Clinical activity of enzalutamide versus docetaxel in men with castration-resistant prostate cancer progressing after abiraterone

Daniel L Suzman, Brandon Luber, Michael T Schweizer, Rosa Nadal, Emmanuel S Antonarakis
Prostate 2014, 74 (13): 1278-85

BACKGROUND: The optimal sequencing of the multiple active agents now available for metastatic castration-resistant prostate cancer (mCRPC) is unclear. Prior reports have suggested diminished responses to sequential lines of androgen receptor (AR)-targeted therapies, but it is unknown whether subsequent taxane-based chemotherapy may be more effective than sequential AR-targeting treatment.

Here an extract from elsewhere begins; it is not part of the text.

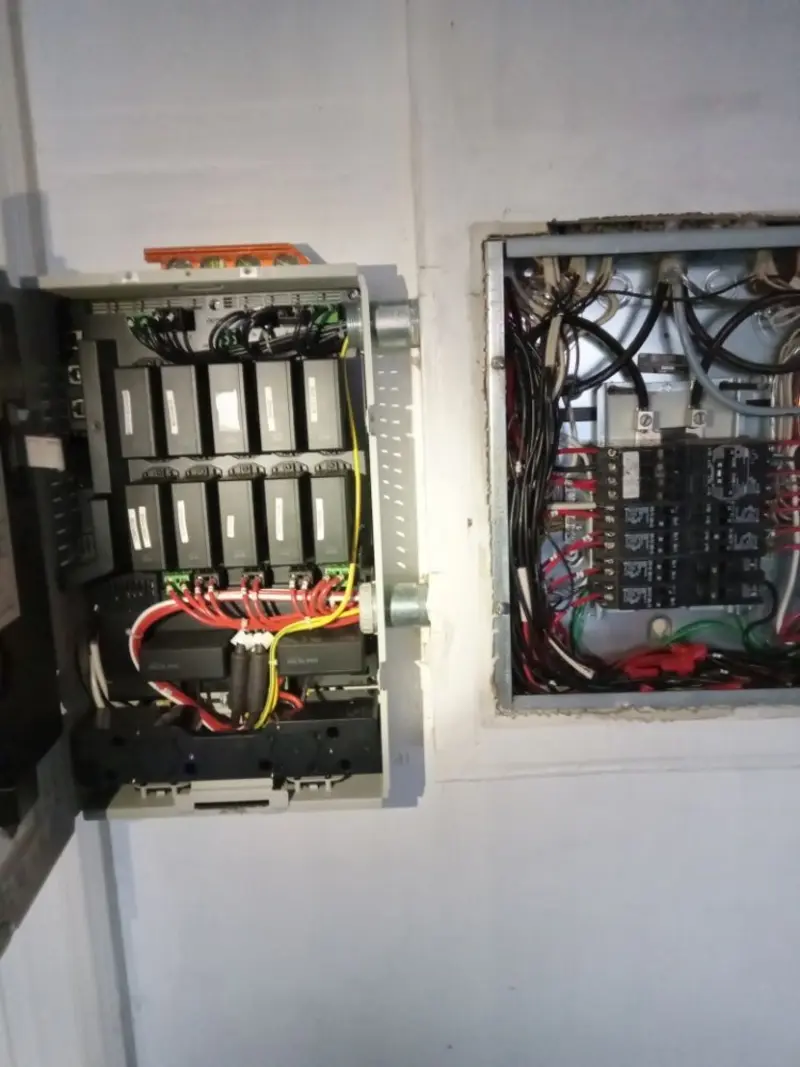 Electrical panel upgrade completed for Electrical Troubleshooting in Swampscott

We sought to evaluate the clinical activity of enzalutamide versus docetaxel in men with mCRPC who progressed on abiraterone.

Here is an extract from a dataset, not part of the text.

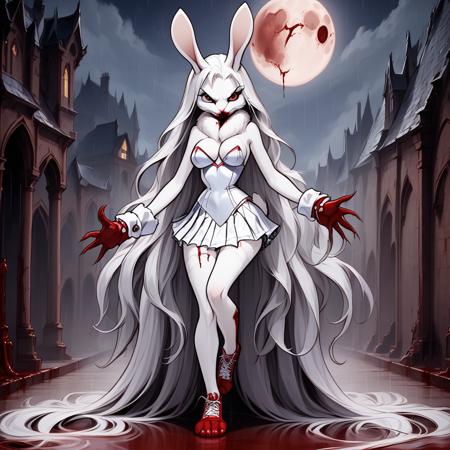 Sulong Bunny Carrot - Dark Sulong Bunny Carrot版本V1 (ID: 665045)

METHODS: We performed a single-institution retrospective analysis of consecutive mCRPC patients who had progressed on abiraterone therapy and subsequently received either enzalutamide (n=30) or docetaxel (n=31). We evaluated clinical outcomes including prostate-specific antigen decline of >30% (PSA30) or >50% (PSA50), PSA-progression-free survival (PSA-PFS), and clinical/radiographic PFS. We performed multivariable modeling to control for baseline and on-treatment differences between groups.

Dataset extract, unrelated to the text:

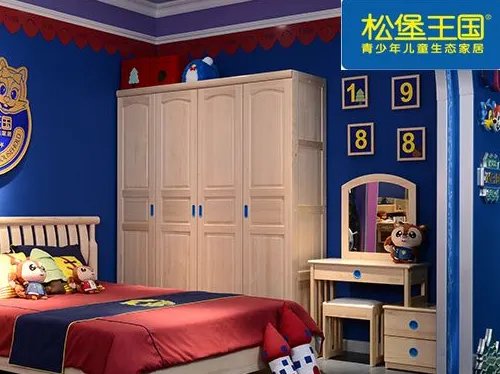 儿童家具品牌排行榜 八大儿童家具品牌推荐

RESULTS: Compared to subjects who received enzalutamide post-abiraterone, subjects who received docetaxel post-abiraterone had more bone metastases, more visceral metastases, higher baseline PSA, and had more frequent PSA tests while on-treatment. There were no significant differences in PSA30 (41% for enzalutamide vs. 53% for docetaxel) or PSA50 (34% vs. 40%) response rates between the two groups; there remained no difference after stratifying by presence/absence of prior response to abiraterone. Median PSA-PFS was 4.1 versus 4.1 months for the enzalutamide and docetaxel cohorts, respectively (HR 1.35, 95% CI, 0.53-3.66, P=0.502). Median PFS was 4.7 versus 4.4 months, respectively (HR 1.44, 95% CI, 0.77-2.71, P=0.257). PSA-PFS and PFS did not differ after stratifying by prior response to abiraterone. In multivariable analyses, there were no significant differences in PSA-PFS or PFS between the two groups.

CONCLUSIONS: Treatment with either enzalutamide or docetaxel produced modest PSA responses and PFS intervals in this abiraterone-pretreated mCRPC population. In this retrospective study with small sample size, no significant differences in outcomes were observed between groups. Therefore, either enzalutamide or docetaxel may be a reasonable option in men who have progressed on abiraterone.